Copy exactly, beginning with the line holding "刘德华小姨子怀三胎靠本人挣飞机逛艇拼30亿包" and ending with the final line of the data beneath this task; copy nothing else, and leave out every picture.

▸ Supplied material:
----

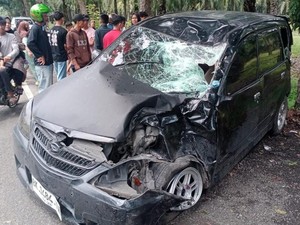 Mobil Tabrak Motor Saat Hindari Jalan Rusak di Sergai, Sekeluarga Tewas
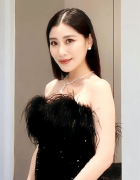 刘德华小姨子怀三胎靠本人挣飞机逛艇拼30亿包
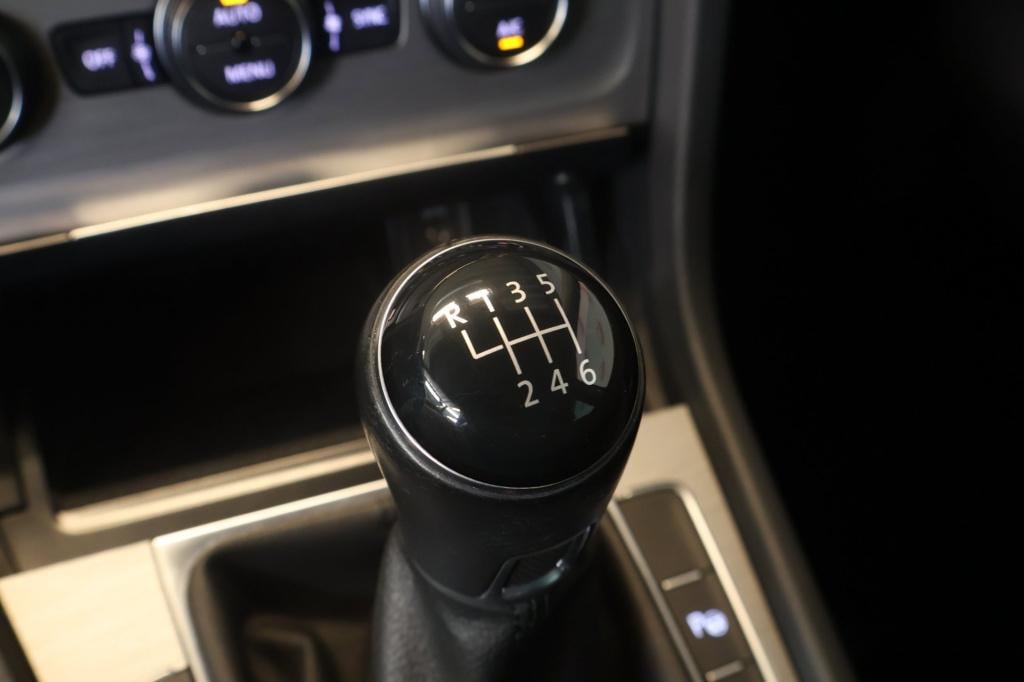 Volkswagen Golf 1.0 tsi connected series nl auto, carplay, all season bande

----

▸ Response to the task:
 刘德华小姨子怀三胎靠本人挣飞机逛艇拼30亿包
 Volkswagen Golf 1.0 tsi connected series nl auto, carplay, all season bande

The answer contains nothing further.